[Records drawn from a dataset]
__________________________________________________
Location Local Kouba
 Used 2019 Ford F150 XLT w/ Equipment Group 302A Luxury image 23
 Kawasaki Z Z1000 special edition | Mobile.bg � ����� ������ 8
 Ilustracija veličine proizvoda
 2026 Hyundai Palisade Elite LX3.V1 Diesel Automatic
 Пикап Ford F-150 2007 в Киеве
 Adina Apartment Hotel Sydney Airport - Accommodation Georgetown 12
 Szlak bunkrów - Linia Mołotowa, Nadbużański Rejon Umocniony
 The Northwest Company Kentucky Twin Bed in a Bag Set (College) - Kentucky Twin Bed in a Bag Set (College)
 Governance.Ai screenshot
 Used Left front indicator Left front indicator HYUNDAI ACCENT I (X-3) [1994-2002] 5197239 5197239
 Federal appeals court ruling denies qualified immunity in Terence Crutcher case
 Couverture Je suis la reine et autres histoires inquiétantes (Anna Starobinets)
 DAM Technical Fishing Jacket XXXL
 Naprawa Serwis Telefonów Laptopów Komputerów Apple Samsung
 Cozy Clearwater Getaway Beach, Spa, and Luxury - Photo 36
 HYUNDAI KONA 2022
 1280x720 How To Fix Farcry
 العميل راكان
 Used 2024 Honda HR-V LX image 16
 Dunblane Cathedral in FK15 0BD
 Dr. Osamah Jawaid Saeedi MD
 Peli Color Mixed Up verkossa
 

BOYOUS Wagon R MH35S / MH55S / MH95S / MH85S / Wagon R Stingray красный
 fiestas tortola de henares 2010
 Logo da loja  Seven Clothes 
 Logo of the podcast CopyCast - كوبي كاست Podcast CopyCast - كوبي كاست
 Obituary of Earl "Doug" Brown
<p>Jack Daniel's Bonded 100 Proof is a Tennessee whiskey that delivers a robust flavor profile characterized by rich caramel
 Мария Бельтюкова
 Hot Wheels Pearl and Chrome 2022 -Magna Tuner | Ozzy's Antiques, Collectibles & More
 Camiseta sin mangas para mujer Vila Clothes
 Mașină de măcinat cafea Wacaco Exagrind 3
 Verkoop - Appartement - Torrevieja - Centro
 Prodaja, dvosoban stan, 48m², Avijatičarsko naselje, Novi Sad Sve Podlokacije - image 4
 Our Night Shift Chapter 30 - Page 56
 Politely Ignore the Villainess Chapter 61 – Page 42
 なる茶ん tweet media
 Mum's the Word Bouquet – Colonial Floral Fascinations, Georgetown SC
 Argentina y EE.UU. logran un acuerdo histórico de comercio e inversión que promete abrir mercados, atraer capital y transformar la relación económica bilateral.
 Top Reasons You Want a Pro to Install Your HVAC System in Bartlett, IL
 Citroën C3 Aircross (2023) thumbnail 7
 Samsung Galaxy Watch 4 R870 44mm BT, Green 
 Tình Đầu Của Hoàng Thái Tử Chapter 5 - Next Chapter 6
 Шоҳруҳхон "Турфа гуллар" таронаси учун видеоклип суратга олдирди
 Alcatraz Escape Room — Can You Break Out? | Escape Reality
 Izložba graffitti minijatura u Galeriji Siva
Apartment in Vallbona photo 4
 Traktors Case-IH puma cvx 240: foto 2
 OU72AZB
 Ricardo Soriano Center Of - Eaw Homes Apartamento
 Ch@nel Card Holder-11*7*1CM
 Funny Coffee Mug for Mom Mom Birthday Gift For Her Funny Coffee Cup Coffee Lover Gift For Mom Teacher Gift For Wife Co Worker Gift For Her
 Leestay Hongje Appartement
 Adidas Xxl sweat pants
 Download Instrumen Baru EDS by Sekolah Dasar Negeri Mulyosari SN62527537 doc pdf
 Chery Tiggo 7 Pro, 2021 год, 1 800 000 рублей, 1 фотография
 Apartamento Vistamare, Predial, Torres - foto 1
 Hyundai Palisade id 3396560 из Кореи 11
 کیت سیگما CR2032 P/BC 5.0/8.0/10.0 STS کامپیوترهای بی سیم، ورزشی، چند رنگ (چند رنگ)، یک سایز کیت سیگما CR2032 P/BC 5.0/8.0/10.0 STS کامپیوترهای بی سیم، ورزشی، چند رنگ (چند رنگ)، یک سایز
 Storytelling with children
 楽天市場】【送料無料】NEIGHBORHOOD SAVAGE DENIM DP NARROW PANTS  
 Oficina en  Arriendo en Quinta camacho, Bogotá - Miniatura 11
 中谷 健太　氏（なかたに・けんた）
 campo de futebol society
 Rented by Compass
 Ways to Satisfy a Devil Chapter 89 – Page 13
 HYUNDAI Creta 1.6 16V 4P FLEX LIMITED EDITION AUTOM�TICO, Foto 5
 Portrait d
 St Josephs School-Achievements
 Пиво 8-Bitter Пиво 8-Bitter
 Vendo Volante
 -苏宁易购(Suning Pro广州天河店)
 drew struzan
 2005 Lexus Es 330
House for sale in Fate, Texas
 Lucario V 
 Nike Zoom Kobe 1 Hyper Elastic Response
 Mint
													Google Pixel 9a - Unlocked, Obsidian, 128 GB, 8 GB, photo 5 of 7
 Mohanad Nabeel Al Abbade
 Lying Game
__________________________________________________
Repeat all of the records verbatim, leaving nothing out.

Location Local Kouba
 Used 2019 Ford F150 XLT w/ Equipment Group 302A Luxury image 23
 Kawasaki Z Z1000 special edition | Mobile.bg � ����� ������ 8
 Ilustracija veličine proizvoda
 2026 Hyundai Palisade Elite LX3.V1 Diesel Automatic
 Пикап Ford F-150 2007 в Киеве
 Adina Apartment Hotel Sydney Airport - Accommodation Georgetown 12
 Szlak bunkrów - Linia Mołotowa, Nadbużański Rejon Umocniony
 The Northwest Company Kentucky Twin Bed in a Bag Set (College) - Kentucky Twin Bed in a Bag Set (College)
 Governance.Ai screenshot
 Used Left front indicator Left front indicator HYUNDAI ACCENT I (X-3) [1994-2002] 5197239 5197239
 Federal appeals court ruling denies qualified immunity in Terence Crutcher case
 Couverture Je suis la reine et autres histoires inquiétantes (Anna Starobinets)
 DAM Technical Fishing Jacket XXXL
 Naprawa Serwis Telefonów Laptopów Komputerów Apple Samsung
 Cozy Clearwater Getaway Beach, Spa, and Luxury - Photo 36
 HYUNDAI KONA 2022
 1280x720 How To Fix Farcry
 العميل راكان
 Used 2024 Honda HR-V LX image 16
 Dunblane Cathedral in FK15 0BD
 Dr. Osamah Jawaid Saeedi MD
 Peli Color Mixed Up verkossa
 

BOYOUS Wagon R MH35S / MH55S / MH95S / MH85S / Wagon R Stingray красный
 fiestas tortola de henares 2010
 Logo da loja  Seven Clothes 
 Logo of the podcast CopyCast - كوبي كاست Podcast CopyCast - كوبي كاست
 Obituary of Earl "Doug" Brown
<p>Jack Daniel's Bonded 100 Proof is a Tennessee whiskey that delivers a robust flavor profile characterized by rich caramel
 Мария Бельтюкова
 Hot Wheels Pearl and Chrome 2022 -Magna Tuner | Ozzy's Antiques, Collectibles & More
 Camiseta sin mangas para mujer Vila Clothes
 Mașină de măcinat cafea Wacaco Exagrind 3
 Verkoop - Appartement - Torrevieja - Centro
 Prodaja, dvosoban stan, 48m², Avijatičarsko naselje, Novi Sad Sve Podlokacije - image 4
 Our Night Shift Chapter 30 - Page 56
 Politely Ignore the Villainess Chapter 61 – Page 42
 なる茶ん tweet media
 Mum's the Word Bouquet – Colonial Floral Fascinations, Georgetown SC
 Argentina y EE.UU. logran un acuerdo histórico de comercio e inversión que promete abrir mercados, atraer capital y transformar la relación económica bilateral.
 Top Reasons You Want a Pro to Install Your HVAC System in Bartlett, IL
 Citroën C3 Aircross (2023) thumbnail 7
 Samsung Galaxy Watch 4 R870 44mm BT, Green 
 Tình Đầu Của Hoàng Thái Tử Chapter 5 - Next Chapter 6
 Шоҳруҳхон "Турфа гуллар" таронаси учун видеоклип суратга олдирди
 Alcatraz Escape Room — Can You Break Out? | Escape Reality
 Izložba graffitti minijatura u Galeriji Siva
Apartment in Vallbona photo 4
 Traktors Case-IH puma cvx 240: foto 2
 OU72AZB
 Ricardo Soriano Center Of - Eaw Homes Apartamento
 Ch@nel Card Holder-11*7*1CM
 Funny Coffee Mug for Mom Mom Birthday Gift For Her Funny Coffee Cup Coffee Lover Gift For Mom Teacher Gift For Wife Co Worker Gift For Her
 Leestay Hongje Appartement
 Adidas Xxl sweat pants
 Download Instrumen Baru EDS by Sekolah Dasar Negeri Mulyosari SN62527537 doc pdf
 Chery Tiggo 7 Pro, 2021 год, 1 800 000 рублей, 1 фотография
 Apartamento Vistamare, Predial, Torres - foto 1
 Hyundai Palisade id 3396560 из Кореи 11
 کیت سیگما CR2032 P/BC 5.0/8.0/10.0 STS کامپیوترهای بی سیم، ورزشی، چند رنگ (چند رنگ)، یک سایز کیت سیگما CR2032 P/BC 5.0/8.0/10.0 STS کامپیوترهای بی سیم، ورزشی، چند رنگ (چند رنگ)، یک سایز
 Storytelling with children
 楽天市場】【送料無料】NEIGHBORHOOD SAVAGE DENIM DP NARROW PANTS  
 Oficina en  Arriendo en Quinta camacho, Bogotá - Miniatura 11
 中谷 健太　氏（なかたに・けんた）
 campo de futebol society
 Rented by Compass
 Ways to Satisfy a Devil Chapter 89 – Page 13
 HYUNDAI Creta 1.6 16V 4P FLEX LIMITED EDITION AUTOM�TICO, Foto 5
 Portrait d
 St Josephs School-Achievements
 Пиво 8-Bitter Пиво 8-Bitter
 Vendo Volante
 -苏宁易购(Suning Pro广州天河店)
 drew struzan
 2005 Lexus Es 330
House for sale in Fate, Texas
 Lucario V 
 Nike Zoom Kobe 1 Hyper Elastic Response
 Mint
													Google Pixel 9a - Unlocked, Obsidian, 128 GB, 8 GB, photo 5 of 7
 Mohanad Nabeel Al Abbade
 Lying Game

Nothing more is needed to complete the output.